USS Clueless - The Bush Masterstroke
     
     
 

Stardate 20030116.1418

(Captain's log): President Bush keeps surprising people, especially his critics. They rail and rant and somehow keep losing. And there seems to be a pattern which he follows about major policy decisions which is developing as something a trademark for his administration.

Facing some sort of major political problem, Bush keeps silent and doesn't really comment. Opponents criticize him, and the head of their rhetoric rises as they smell blood and feel as if he is on the run. His lack of response encourages them, and they seem to make points.

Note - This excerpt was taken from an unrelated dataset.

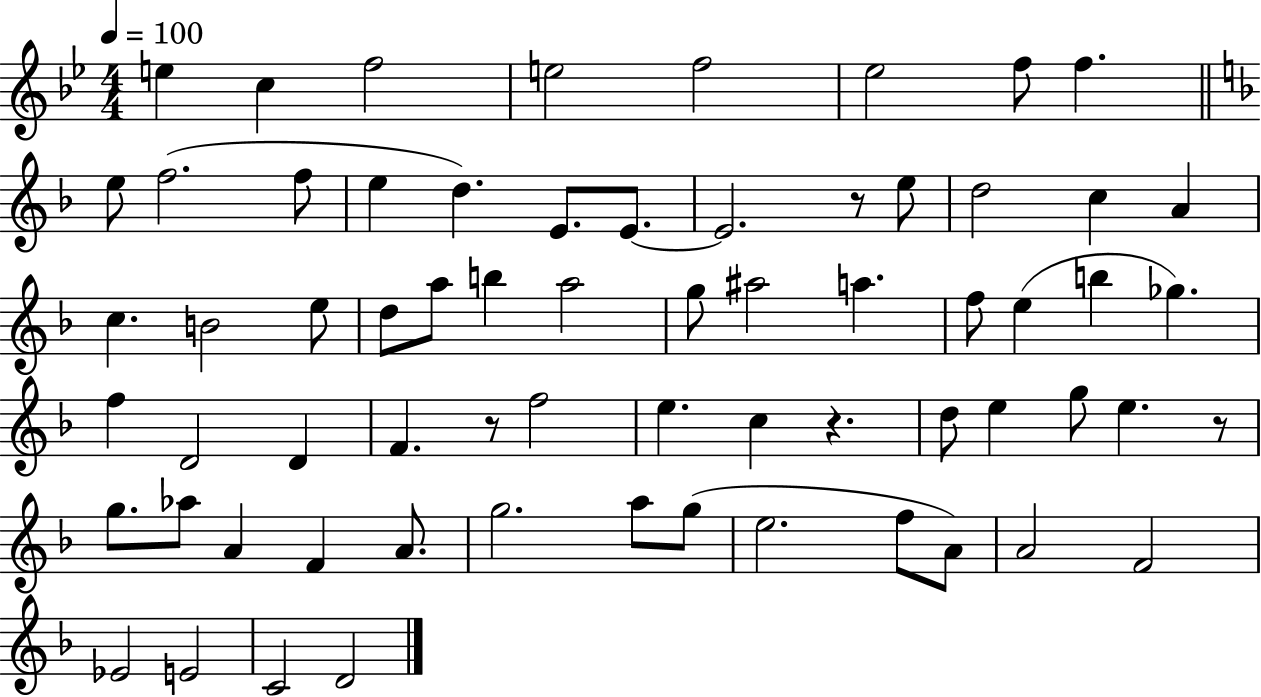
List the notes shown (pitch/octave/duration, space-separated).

And then Bush will make a speech, and everything changes. He will lay out a coherent policy and explain it. But even more important, after he does so the context of the discussion itself will have changed, for everyone involved. In the first couple of days after the speech there is a muted silence from his critics as they realize, in stunned silence and then in rising horror, how deeply he's snookered them. And they realize that his previous silence and apparent inaction was actually a sign of his patience and determination, and that he'd been giving them rope to hang themselves.

That happened last year with respect to the struggle between the Israelis and Palestinians. The concept which had dominated political discussion of that for the previous fifteen years had been how outsiders could intervene in order to impose a solution on both sides to give the Palestinians enough of what they wanted so that they'd stop attacking Israel. The emphasis was on appeasement, and on paying off Arafat. Arafat was automatically assumed to be the Palestinian leader and any negotiation had to be with him.

Then Bush made his speech, and what he said was that the US would no longer deal with Arafat. The US was in favor of an independent Palestinian homeland but only after the Palestinians proved they were worthy of one by holding honest elections, instituting a new government which wasn't a violent kleptocracy, booting Arafat, and stopping the attacks against Israel. Once those things happened the US would negotiate to try to bring about a Palestinian state, but until they did the US wouldn't even try.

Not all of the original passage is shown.